Hospital length of stay may not affect a newborn's health

December 18, 2002

Boston-December 19, 2002- Six years after the U.S. Congress and 41 states established a 48-hour minimum hospital stay following normal vaginal delivery, a new study by researchers at the Harvard Medical School/Harvard Pilgrim Health Care Department of Ambulatory Care and Prevention challenges the popular assumption that early hospital discharge after birth is harmful to newborns.

"The study tends to refute the premise that reduced maternity length of stay is harmful to infants and that state laws against early discharge would improve health outcomes," said lead author Jeanne M. Madden, PhD, a research fellow in the Department of Ambulatory Care and Prevention.

The study, which appears in the Dec. 19, 2002 New England Journal of Medicine, could add a new dimension to current policy debates about appropriate ways to regulate health care and about the trade-offs among recommended clinical services at key points in a newborn's development.
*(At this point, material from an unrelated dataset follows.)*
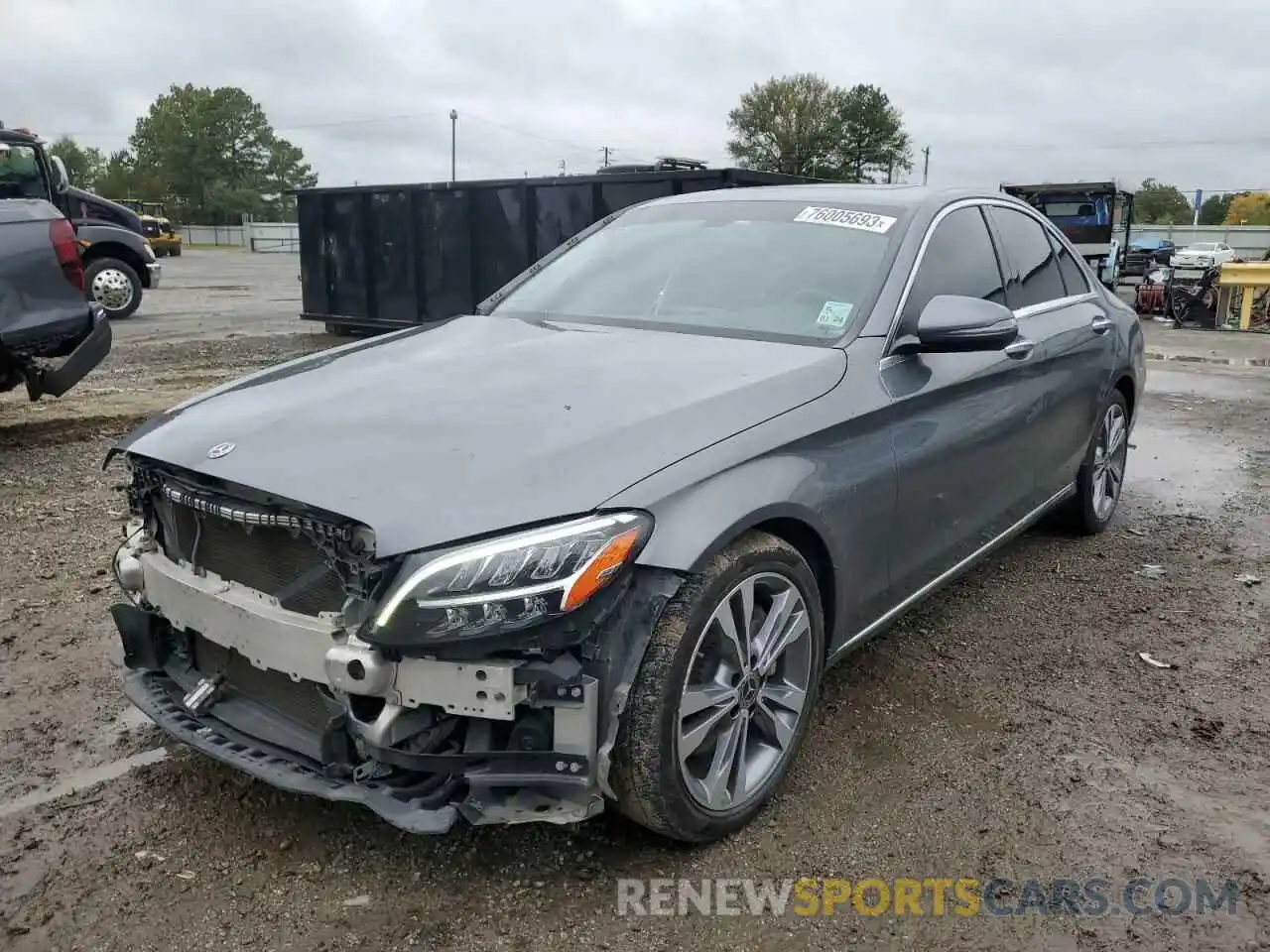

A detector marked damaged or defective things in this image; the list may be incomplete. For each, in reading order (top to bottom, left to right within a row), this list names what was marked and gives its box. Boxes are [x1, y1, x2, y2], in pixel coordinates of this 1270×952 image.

damaged front end [114, 459, 681, 832]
Madden and colleagues at the Department of Ambulatory Care and Prevention and Children's Hospital Boston used seven and half years of data on 20,366 mother-infant pairs with normal vaginal deliveries within a large Massachusetts health maintenance organization to determine the effects of reductions by the HMO in the postpartum length of stay and a subsequent state law establishing a minimum stay. The investigators measured the effects on lengths of hospital stay, follow-up care for newborns, use of outpatient care and hospital-based services during the first 10 days of life, and expenditures for hospital and home-based maternity services.
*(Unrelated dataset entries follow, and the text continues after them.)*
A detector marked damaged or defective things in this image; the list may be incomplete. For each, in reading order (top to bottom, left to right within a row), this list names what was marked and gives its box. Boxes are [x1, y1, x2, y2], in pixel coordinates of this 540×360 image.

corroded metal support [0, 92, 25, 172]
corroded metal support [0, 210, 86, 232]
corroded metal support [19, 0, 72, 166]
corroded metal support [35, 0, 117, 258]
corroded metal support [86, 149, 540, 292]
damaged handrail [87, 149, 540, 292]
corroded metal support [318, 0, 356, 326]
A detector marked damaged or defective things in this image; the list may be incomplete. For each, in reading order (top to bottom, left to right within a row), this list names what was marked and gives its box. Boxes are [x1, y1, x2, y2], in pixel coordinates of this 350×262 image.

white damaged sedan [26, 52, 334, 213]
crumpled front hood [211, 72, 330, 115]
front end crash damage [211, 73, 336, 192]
"To our knowledge, this is the best-controlled investigation to date comparing different maternity discharge policies, and the first comprehensive study of the impact of legislation guaranteeing minimum stays," said Stephen Soumerai, ScD, professor and principal investigator of the study at the Department of Ambulatory Care and Prevention.
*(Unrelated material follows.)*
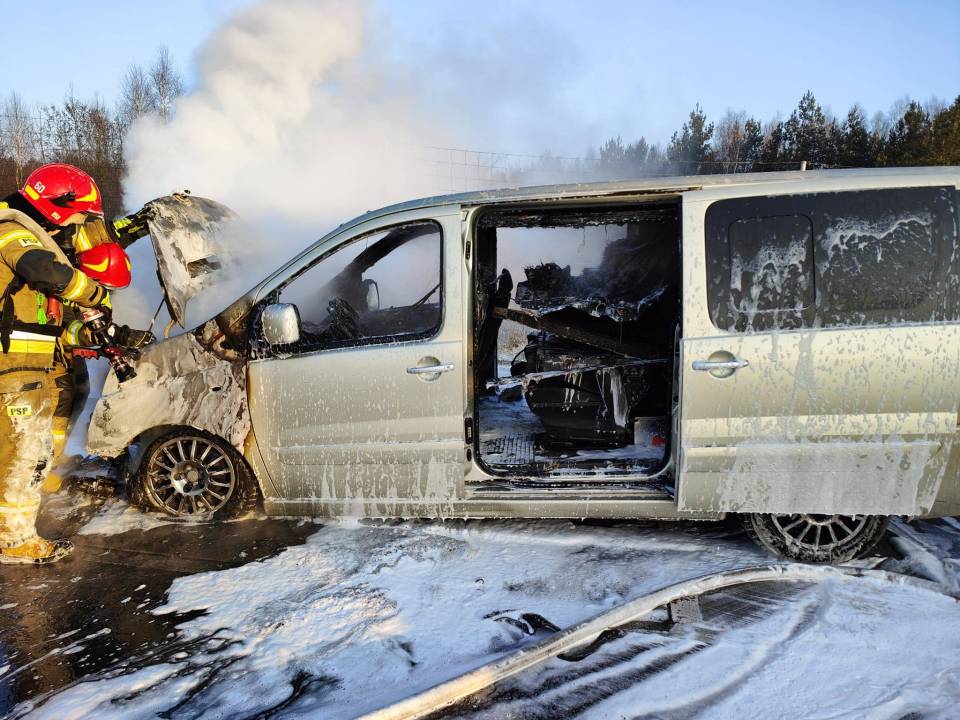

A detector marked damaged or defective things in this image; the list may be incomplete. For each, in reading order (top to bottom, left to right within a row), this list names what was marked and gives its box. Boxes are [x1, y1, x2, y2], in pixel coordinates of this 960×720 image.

charred engine compartment [476, 201, 680, 478]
Regardless of hospital length of stay, evidence-based recommendations in the clinical literature advise examining newborns on the third or fourth day after birth, when common problems such as jaundice and breastfeeding difficulties tend to peak. The Harvard Medical School study found the rate of newborn examinations on the third or fourth day after birth increased from 24.5 percent to 65.6 percent after the HMO initiated a reduced-stay program, but dropped to 53.0 percent following the state's minimum length of stay mandate, which established no follow-up care schedule. "These changes primarily reflect changes in the rate of home visits," said lead author Madden.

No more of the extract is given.